In recent weeks, inspectors from the San Francisco Department of Public Health have visited multiple Chinatown restaurants for routine inspections, shutting several down temporarily over health code violations and causing a panic wave in the community.
Steven Lee, owner of the century-old Sam Wo restaurant, told The Standard that his business was shut down briefly. And soon, a Google user posted a photo of the “CLOSED” notice that was then displayed on Google Maps.
“We understand that’s protocol,” Lee said. “Shutting us down and putting a notice at our front door won’t help us.”
He later posted the restaurant's “PASS” notice on the Google review, hoping to control any damage to Sam Wo’s reputation.
Lee had heard the rumors that the city was strengthening its enforcement ahead of the Asia-Pacific Economic Cooperation summit next month, which will attract global political and business leaders to San Francisco. He said he urged the city to communicate any violations to restaurateurs first and to consider the circumstances that the city’s small businesses have faced.
“The city is putting pressures on small businesses to meet the standard,” Lee said, “but where’s their responsibility to keep the street clean?”
He added that a homeless encampment has been outside Sam Wo for days, and the city hasn’t responded after he filed a report.
The Department of Public Health issued a statement to The Standard confirming multiple inspections and the temporary permit suspensions in Chinatown but denied that the crackdown was related to APEC.
“While facilities may be receiving inspections at different dates and times compared to the previous year,” the statement said, “no facility is receiving additional or different inspections compared to prior years.”
A block away from Sam Wo, the century-old restaurant Far East Cafe also received an inspection.
Kathy Lee, Far East’s second-generation owner, said the restaurant passed its inspection earlier this month, and she understands the city may want to be stricter.
“It could be APEC,” Lee said. “But also, since the reopening, the city doesn't want the businesses to become ‘too relaxed.’”
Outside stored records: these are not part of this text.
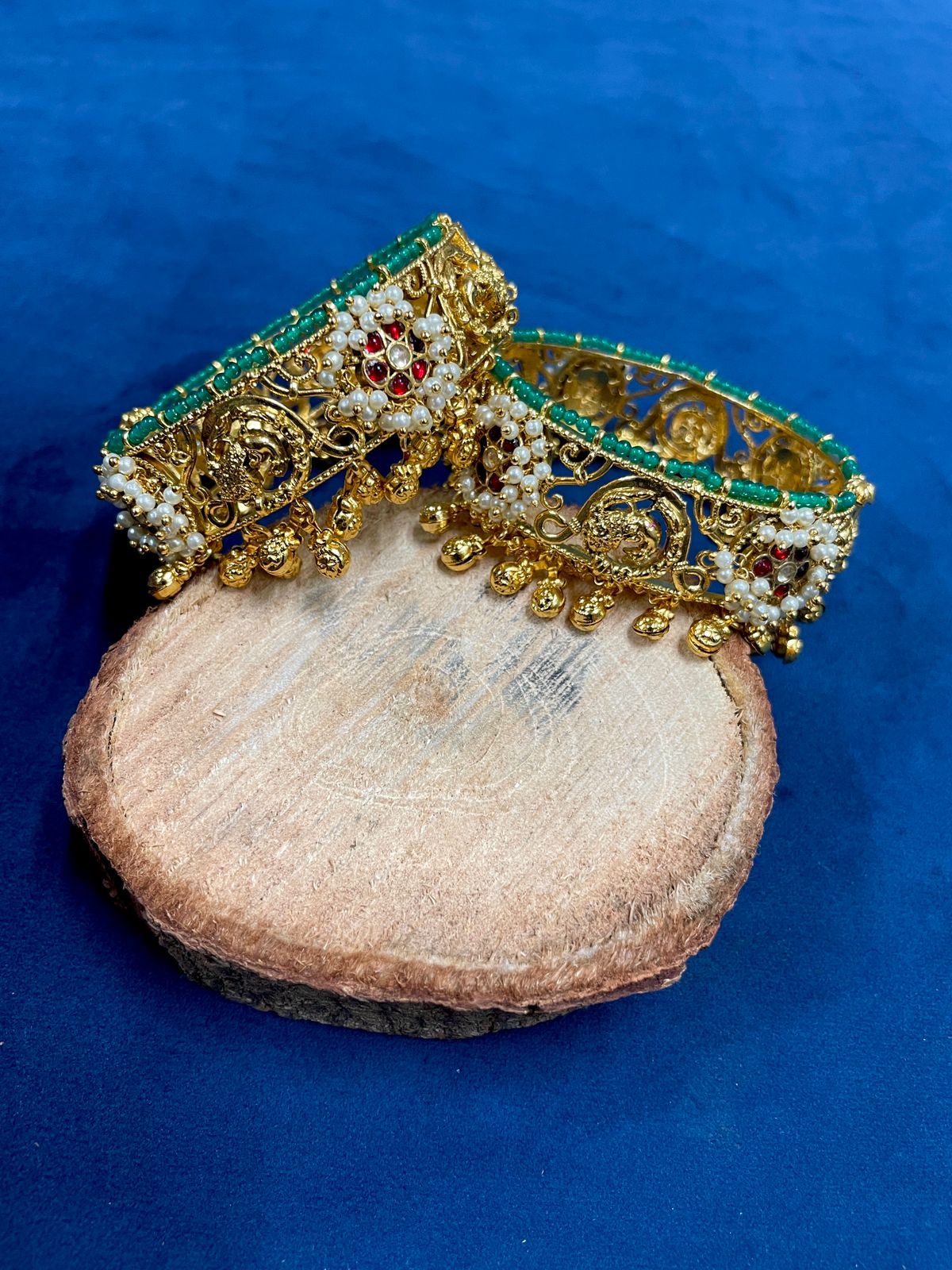 Chaula Shah-Jewelley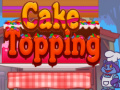 Игри Cake Topping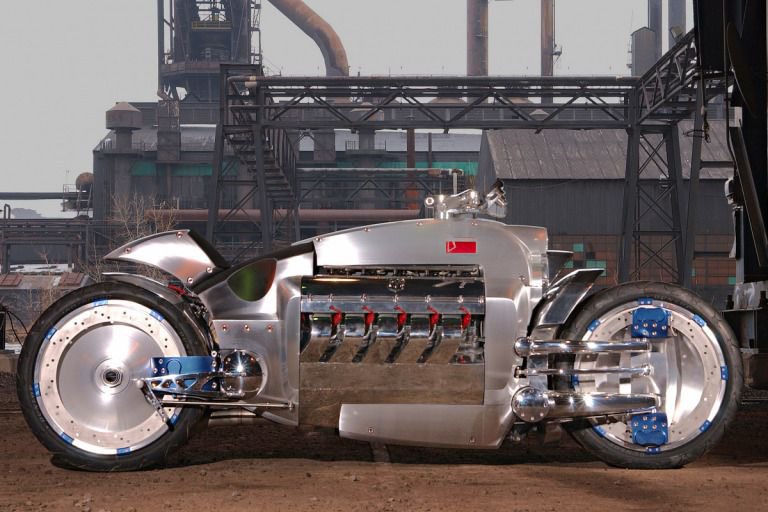 Accela@バイク記事紹介 tweet media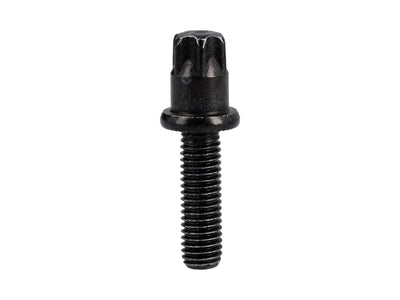 Porsche Outer Hexagon Round Bolt M8x27 - 911/Cayman/Boxster 14-23 999-073-589-01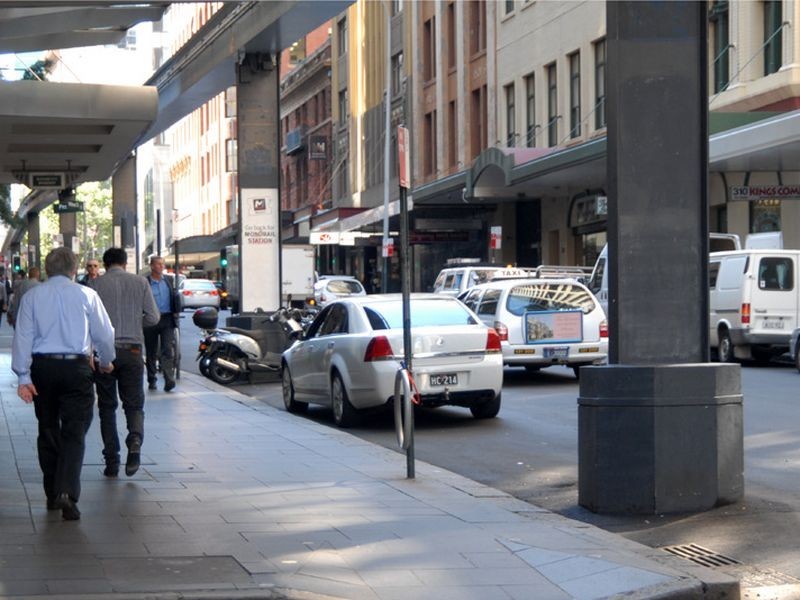 62/359-361 Pitt Street, Sydney NSW 2000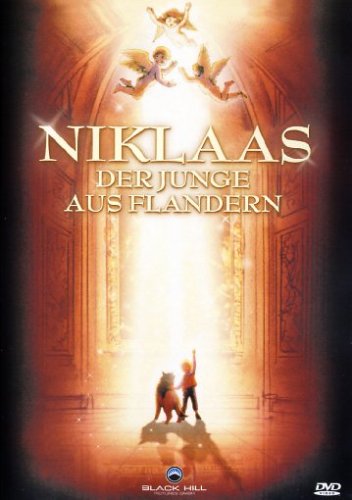 Niklaas, der Junge aus Flandern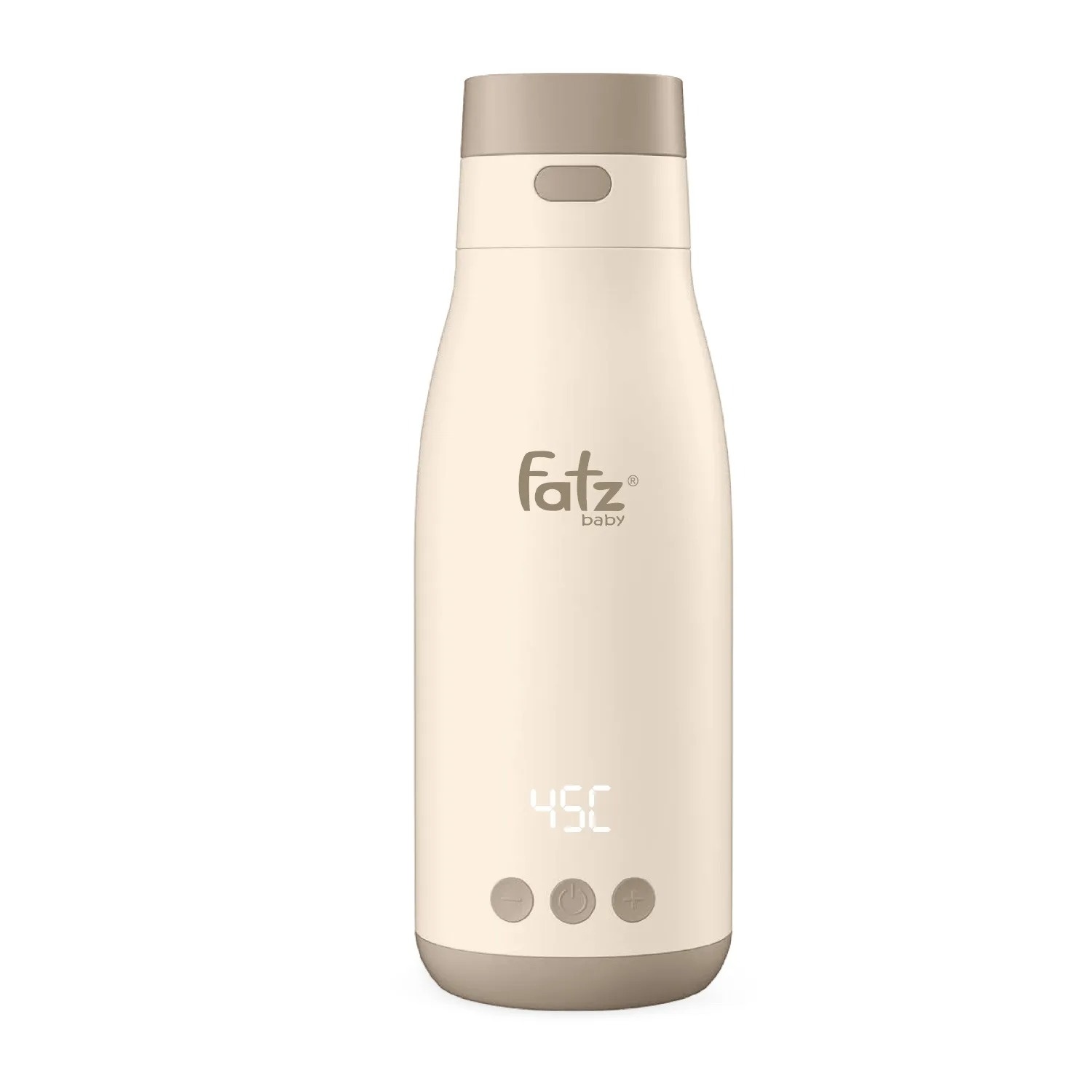 Máy đun nước, hâm nước di động Fatzbaby Mini 3 FB3621FD hình 4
The battle between city inspectors and Chinatown restaurants is not new. Many of Chinatown’s buildings are old and prohibitively expensive to renovate, so conditions such as rodent and cockroach infestations could easily lead to health violations. However, some critics have slammed the public health department for not understanding Asian and Chinese cuisines and cooking cultures.
Little Paris, a Vietnamese and Chinese restaurant on Stockton Street, was recently cited for food temperature issues but received a conditional pass. Owner Xiaolan Mei told The Standard that she had to throw food away because inspectors determined it wasn’t hot or cold enough.
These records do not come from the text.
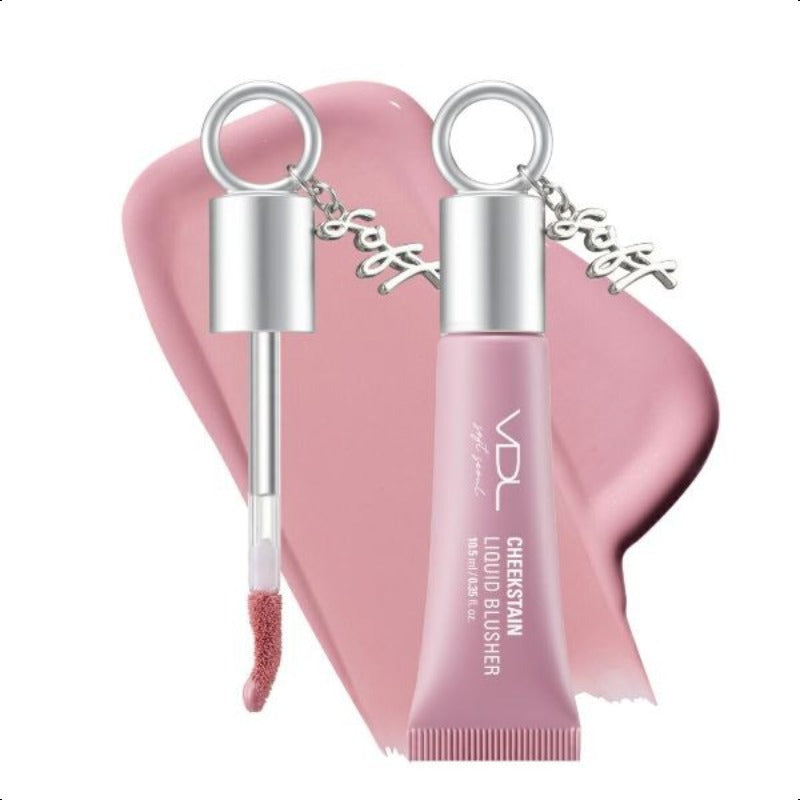 VDL Liquid Cheek Stain Blusher 10.5ml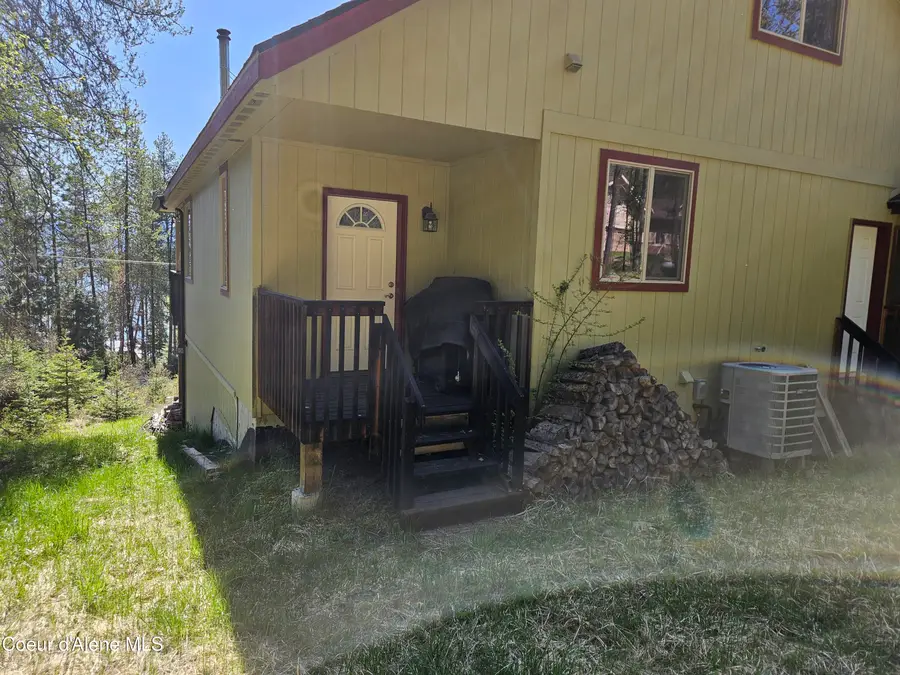 2571 Kalispell Bay RD, Priest Lake, ID 83856 - #3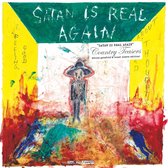Country Teasers - Satan Is Real Again (CD)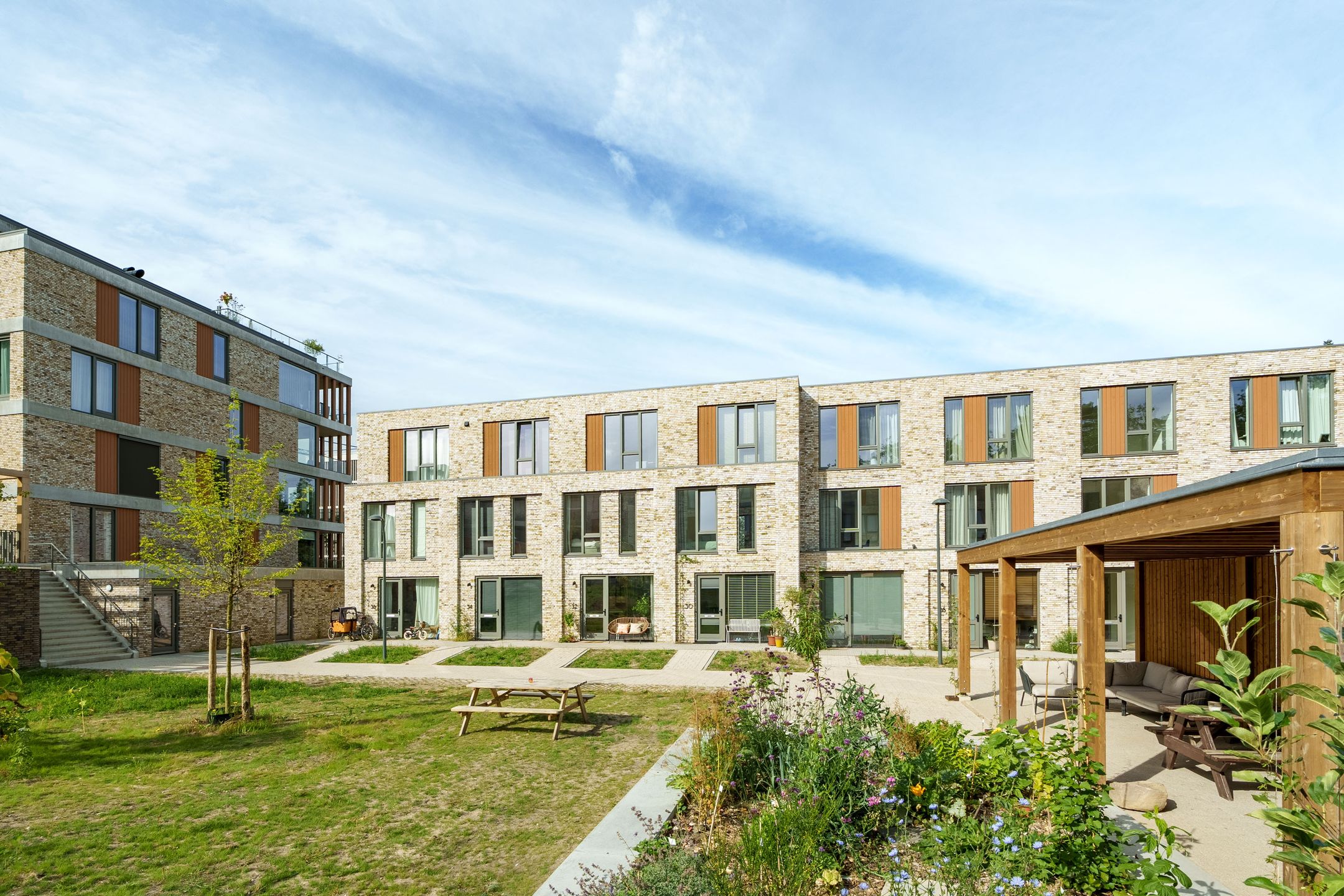 Foto 3 van Braambeshof 32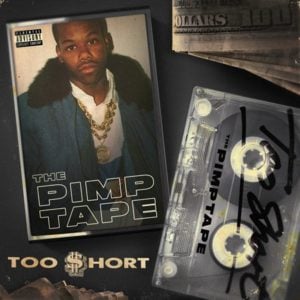 The Game Taught Me - Too $hort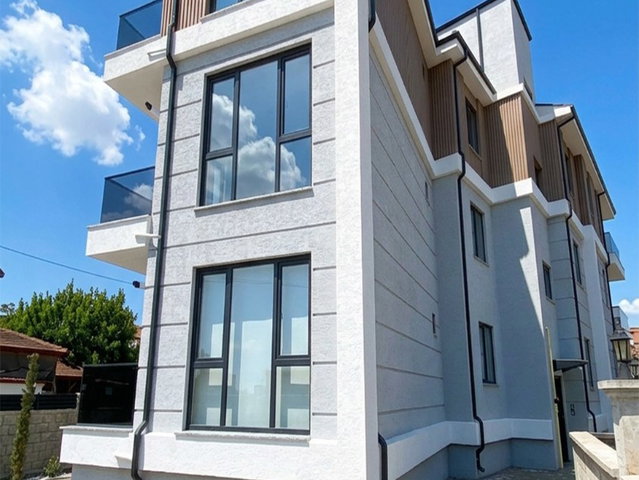 YAZLIK MAHALLESİ'NDE KİRALIK 2+1 ARA KAT DAİRE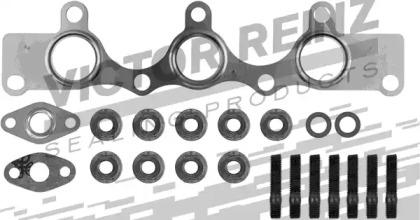 Victor Reinz 04-10052-01 Gasket kit-turb Victor Reinz 04-10052-01 Gasket kit-turb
In Cantonese, she said many Chinatown restaurants and grocery stores are struggling, and the heavy-handed operation will just make more businesses quit altogether.
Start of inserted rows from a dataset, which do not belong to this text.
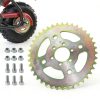 Coleman Sprocket 40T Carbon-Steel-0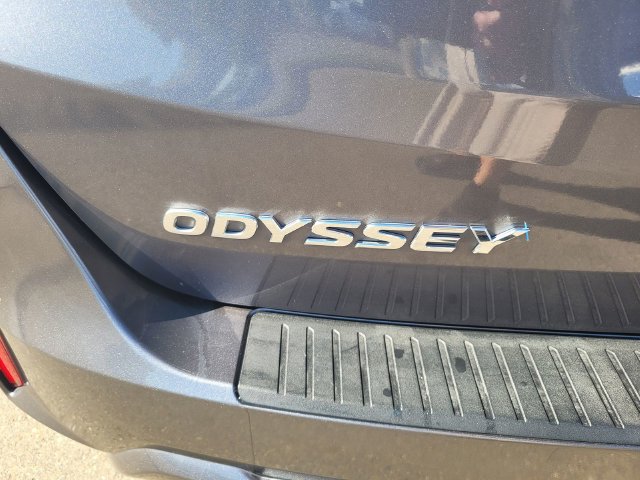 Used 2025 Honda Odyssey EX-L image 10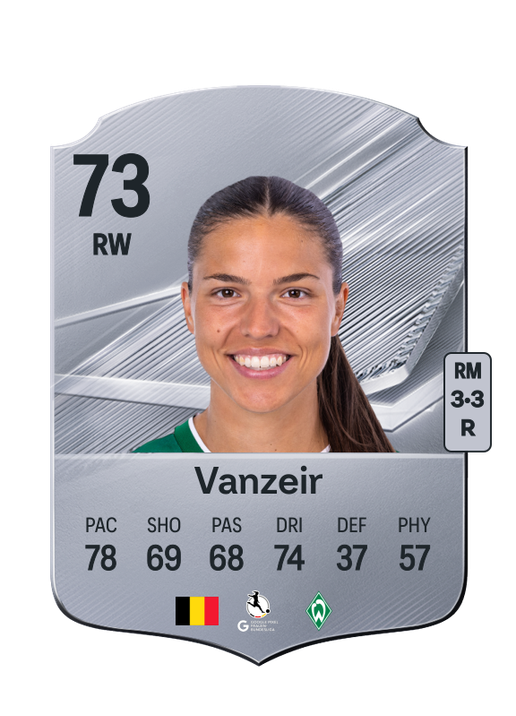 Vanzeir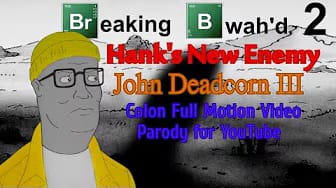 Post 6 by Hankster Hillington on YouTube (video)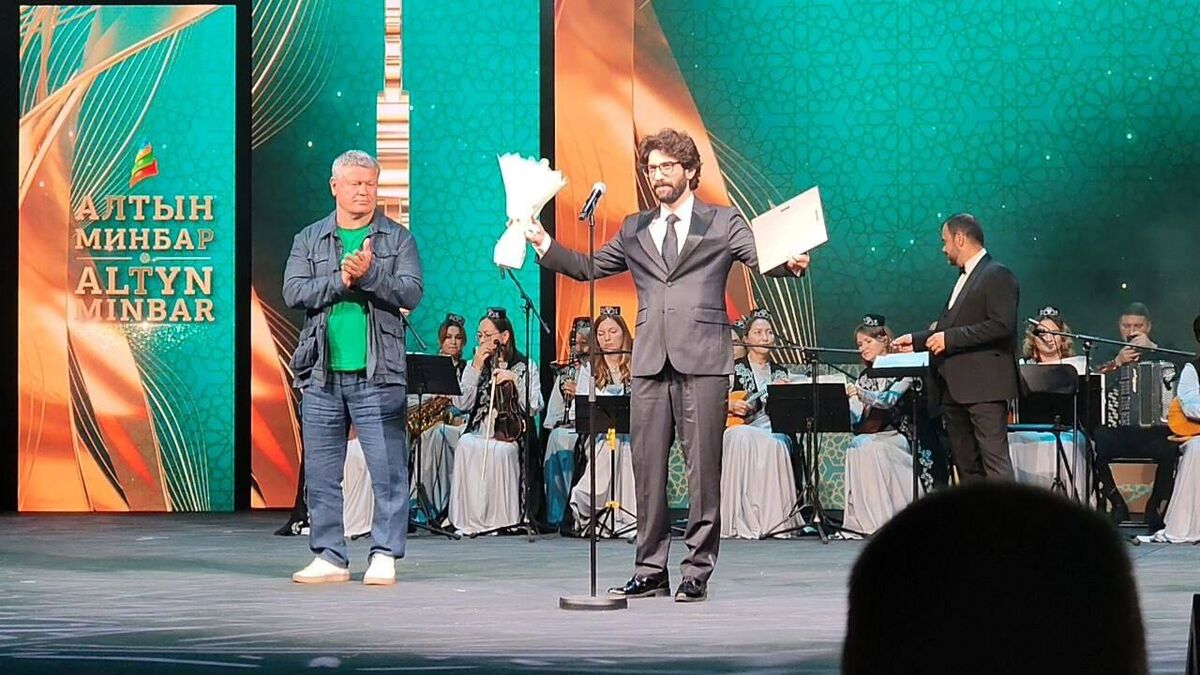 درخشش سینمای ایران در روسیه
Normally, the department conducts inspections twice a year with a focus on foodborne illness risks to “ensure health and safety to all San Franciscans and visitors.”
But as the city works to show its best side to the world, Steven Lee’s APEC anxiety might just get started. He's part of an event planning committee tasked with making Chinatown a highlight during the weeklong summit.
"We want to make sure the world knows Chinatown," Lee said. "We want to show the world that we are not the shithole that everybody says we are."